Значит, он видит её, знает, что она здесь. Наблюдает за ней и ждёт. Инстинкт подсказывал Гермионе, что он дает ей возможность отступить, сохранить то расстояние, которое существует между ними. Она знала, что если сейчас повернётся и уйдет, он ни слова не скажет о том, что видел её. Так же, как он ни словом не обмолвился о том вечере, когда нёс ее на руках. Она упала в обморок в Хогвартсе, от тошноты и прорывающихся воспоминаний.
Всё останется так, как было до сих пор.
Гермиона стояла не двигаясь, пока он курил, потом сделала глубокий вдох и шагнула вперёд. Потом она подошла к лестнице, поднялась по ступеням, глядя на его лицо, освещённое ярким светом луны. Он стоял, прислонившись к колонне, без рубашки, босиком, в одних джинсах, спокойный, как и всегда. Те выкрики в кабинете спрятались в тумане, больше он себе такого не позволял и наблюдал, как она приближается к нему. Ждал.
Гермиона знала, что глаза его, хотя она не могла их разглядеть при лунном свете, сейчас подёрнуты туманной дымкой, скрывающей его мысли и чувства. Как всегда, за исключением тех случаев, когда она выводила его из себя. В такие моменты в глазах его вспыхивало зелёное пламя.
Он не верил в то, что она Гермиона Грейнджер, и ни за что не поверит без серьёзных доказательств. Но сейчас её это мало волновало. Сейчас она хотела, чтобы ни для неё самой, ни в особенности для него не имело значения, кто она такая.
Там, позади него, открытая французская дверь, по-видимому, вела в спальню. Рядом на полу галереи лежал матрас, накрытый только простынёй.
Надо же с чего-то начать разговор, тем более, что он будет нелёгким – она это предчувствовала.

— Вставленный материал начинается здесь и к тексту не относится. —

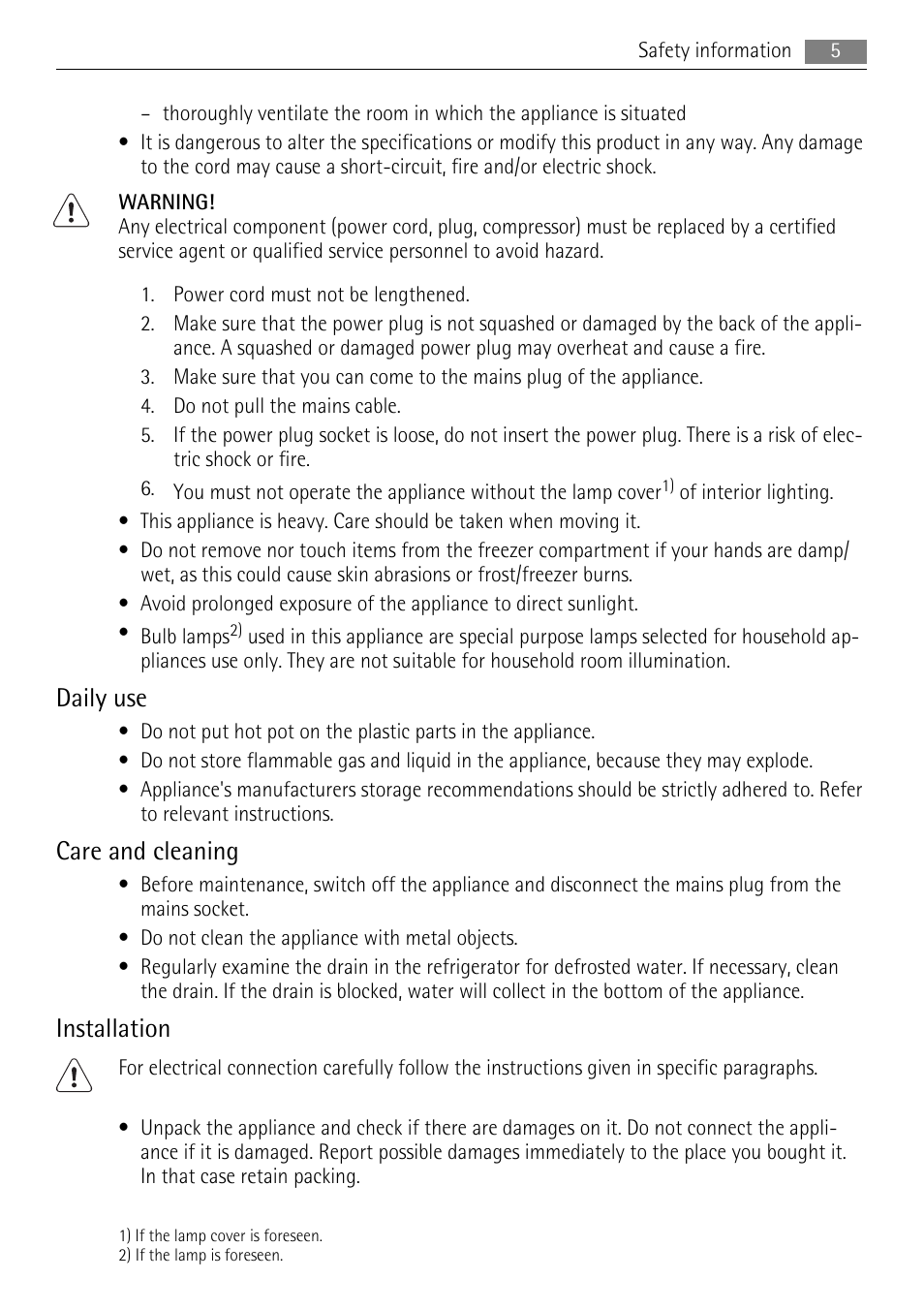 Daily use, Care and cleaning, Installation | AEG SKS71200F0 User Manual | Page 5 / 20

Дуновением ветра до неё донесло запах его табака, крепкий и одновременно сладкий. Гермиона бессознательно вдохнула его. Она чувствовала и запах, исходивший от самого Гарри. Аромат мыла, смешанный с крепким мужским запахом. Ей это нравилось.
– В городе привыкаешь большую часть времени жить, закрывшись от внешнего мира. От шума и загрязнённого воздуха. Но здесь… я словно попала в иной мир, – заговорила она, чтобы хоть как-то нарушить гнетущую сердце тишину.
– Новый или тот, который вы ещё помните?
Как ни странно, ее этот вопрос не удивил и не обидел. Она даже заставила себя улыбнуться.
– Вы когда-нибудь можете остановиться? Постоянно спрашивать, проверять, взвешивать… Ну к чему это, Гарри? Вы же всё равно не верите ни одному моему слову.
– Может быть, я не перестаю надеяться, что однажды вы скажете нечто такое, что убедит меня. Заставит поверить в то, что вы та, за кого себя выдаёте.
Он вынул сигарету изо рта, внимательно посмотрел на неё и аккуратно положил на перила.
Гермиона дождалась, пока он снова встретится с ней взглядом.
– Разве это так важно, кто я такая?
– Да, черт возьми, и вы это прекрасно знаете. Джесс и Алекс заслуживают того, чтобы получить обратно настоящую дочь.
– Я сейчас говорю не о том, что подумают или во что верят другие. Я спрашиваю, так ли это важно в данный момент для нас двоих? Сейчас, когда никто нас не видит и не слышит. Вот именно сейчас, когда вы смотрите на меня, Поттер, имеет ли для вас значение, настоящая Гермиона Грейнджер перед вами или нет? Скажите честно.
– А для вас имеет значение, что я думаю по этому поводу?
– Не надо отвечать вопросом на вопрос.
– Ну хорошо. Сейчас уже за полночь. Красивая женщина забрела ко мне, можно сказать, прямо в спальню. Конечно, при определённом настрое не имело бы никакого значения, кто она такая на самом деле.
– Опять осторожничаете. Вы когда-нибудь можете уступить хоть на йоту, Гарри?
– Знаете, я слишком часто был пешкой в чужих играх.
– А кто говорит об играх?
– Но вы же здесь. Зачем вы пришли, Гермиона?
– Мне не спалось. Я подумала, может быть, прогулка поможет.
– Ничего себе прогулка – целую милю, без дорог, через лес. Что, наверное, скука одолела? Развлечений захотелось? Я думаю, после Нью-Йорка это место кажется вам настоящей дырой. А играть перед всеми роль чистой невинной девочки, наверное, чертовски наскучило? В то же время большинство мужчин здесь готовы залезть вам в трусы, и вас манит то, что я не один из них. Мне наплевать, какое бельё вы носите.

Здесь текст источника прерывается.